You don’t have to enable auto-dispatch to use tasks. The manual workflow is:

  1. Create tasks on the board
  2. Click a task to start a session for it
  3. The agent receives the task description and works on it
  4. You review the diff (⌘D / Ctrl+D) and move the task to done

This gives you full control over when and how agents pick up work.

planeai can pull issues from a Jira Cloud site and display them alongside local tasks in the sidebar. This lets you work on Jira issues with the same agent-driven workflow as local tasks.

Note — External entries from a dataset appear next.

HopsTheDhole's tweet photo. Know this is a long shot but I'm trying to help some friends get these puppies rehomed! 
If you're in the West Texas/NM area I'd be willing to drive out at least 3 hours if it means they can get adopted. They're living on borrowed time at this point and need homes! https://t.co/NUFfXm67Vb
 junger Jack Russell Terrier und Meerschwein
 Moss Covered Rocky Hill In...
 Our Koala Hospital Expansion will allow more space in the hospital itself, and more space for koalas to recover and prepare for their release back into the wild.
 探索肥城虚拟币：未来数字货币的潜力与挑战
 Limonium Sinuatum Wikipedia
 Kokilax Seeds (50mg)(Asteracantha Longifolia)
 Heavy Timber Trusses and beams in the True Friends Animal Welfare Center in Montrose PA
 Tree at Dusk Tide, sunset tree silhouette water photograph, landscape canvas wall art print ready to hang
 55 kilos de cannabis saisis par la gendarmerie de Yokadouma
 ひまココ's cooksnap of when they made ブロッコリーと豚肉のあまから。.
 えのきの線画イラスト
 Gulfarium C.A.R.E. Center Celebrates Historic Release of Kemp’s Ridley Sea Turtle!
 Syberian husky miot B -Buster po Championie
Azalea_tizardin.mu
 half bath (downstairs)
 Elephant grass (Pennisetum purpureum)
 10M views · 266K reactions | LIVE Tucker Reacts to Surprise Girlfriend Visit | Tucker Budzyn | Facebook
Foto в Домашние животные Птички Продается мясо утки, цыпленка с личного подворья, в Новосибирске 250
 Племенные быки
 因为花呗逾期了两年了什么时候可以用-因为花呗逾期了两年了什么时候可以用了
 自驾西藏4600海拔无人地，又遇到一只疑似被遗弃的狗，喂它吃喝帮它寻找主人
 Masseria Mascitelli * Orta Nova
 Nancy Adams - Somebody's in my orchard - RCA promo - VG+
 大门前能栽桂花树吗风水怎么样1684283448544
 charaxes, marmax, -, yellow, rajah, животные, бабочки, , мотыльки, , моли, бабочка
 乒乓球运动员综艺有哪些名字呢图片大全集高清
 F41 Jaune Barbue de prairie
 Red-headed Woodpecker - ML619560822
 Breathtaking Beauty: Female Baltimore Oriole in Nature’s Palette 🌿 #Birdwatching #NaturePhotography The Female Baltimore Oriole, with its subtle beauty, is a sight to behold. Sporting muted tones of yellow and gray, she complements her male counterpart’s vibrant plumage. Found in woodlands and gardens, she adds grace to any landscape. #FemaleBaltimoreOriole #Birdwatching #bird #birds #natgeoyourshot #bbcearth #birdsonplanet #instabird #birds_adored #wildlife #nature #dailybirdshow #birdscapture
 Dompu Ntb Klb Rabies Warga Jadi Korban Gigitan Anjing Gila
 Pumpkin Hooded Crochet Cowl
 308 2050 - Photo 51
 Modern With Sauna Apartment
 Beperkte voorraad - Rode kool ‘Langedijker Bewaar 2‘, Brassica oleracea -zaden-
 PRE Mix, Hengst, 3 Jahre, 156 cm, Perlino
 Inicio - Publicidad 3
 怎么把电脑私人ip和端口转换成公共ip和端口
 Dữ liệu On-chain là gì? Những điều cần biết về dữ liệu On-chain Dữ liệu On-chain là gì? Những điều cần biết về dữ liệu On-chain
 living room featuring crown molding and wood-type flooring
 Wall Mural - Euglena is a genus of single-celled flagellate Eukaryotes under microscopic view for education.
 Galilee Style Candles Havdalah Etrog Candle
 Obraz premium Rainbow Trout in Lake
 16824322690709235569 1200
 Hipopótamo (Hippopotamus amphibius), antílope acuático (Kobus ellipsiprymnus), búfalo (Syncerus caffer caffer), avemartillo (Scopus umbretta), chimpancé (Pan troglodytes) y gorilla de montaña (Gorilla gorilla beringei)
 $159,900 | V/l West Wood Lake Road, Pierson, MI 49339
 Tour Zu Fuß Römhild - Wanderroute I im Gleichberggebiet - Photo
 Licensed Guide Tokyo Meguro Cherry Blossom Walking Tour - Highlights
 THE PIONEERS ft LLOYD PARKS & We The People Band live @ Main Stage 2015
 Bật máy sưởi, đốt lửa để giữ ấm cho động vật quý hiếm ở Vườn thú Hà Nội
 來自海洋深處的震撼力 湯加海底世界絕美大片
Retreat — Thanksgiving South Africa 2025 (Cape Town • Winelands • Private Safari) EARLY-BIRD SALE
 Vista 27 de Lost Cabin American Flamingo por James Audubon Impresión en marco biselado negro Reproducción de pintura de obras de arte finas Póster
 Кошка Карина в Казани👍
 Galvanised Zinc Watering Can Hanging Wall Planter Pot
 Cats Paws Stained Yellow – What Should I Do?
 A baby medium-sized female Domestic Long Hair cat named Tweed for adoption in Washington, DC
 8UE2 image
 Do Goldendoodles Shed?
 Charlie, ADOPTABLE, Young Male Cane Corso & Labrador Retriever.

  1. Configure sources — define JQL filters in integrations.jira.sources (see Configuration)
  2. Connect — authenticate via Preferences → Jira → Connect to Jira (OAuth 2.0)
  3. Sync — planeai polls Jira on an interval and imports matching issues into a dedicated Jira section in the sidebar
  4. Assign — click a Jira issue to assign it to a project, which creates a child task in that project’s task board
  5. Writeback — when a task starts or completes locally, planeai can transition the Jira issue and/or add a comment

Synced Jira issues appear in a dedicated “Jira” section at the bottom of the sidebar. Each issue shows its key, title, and status. Click an issue to assign it to a project (creating a local child task that can be dispatched to an agent).

When a synced issue no longer matches its source JQL (e.g., reassigned or moved), planeai marks it as “departed” and shows a prompt. You can mark the local task as done or dismiss the notification.

See Configuration → Integrations → Jira for the full config schema including sources, status maps, and writeback options.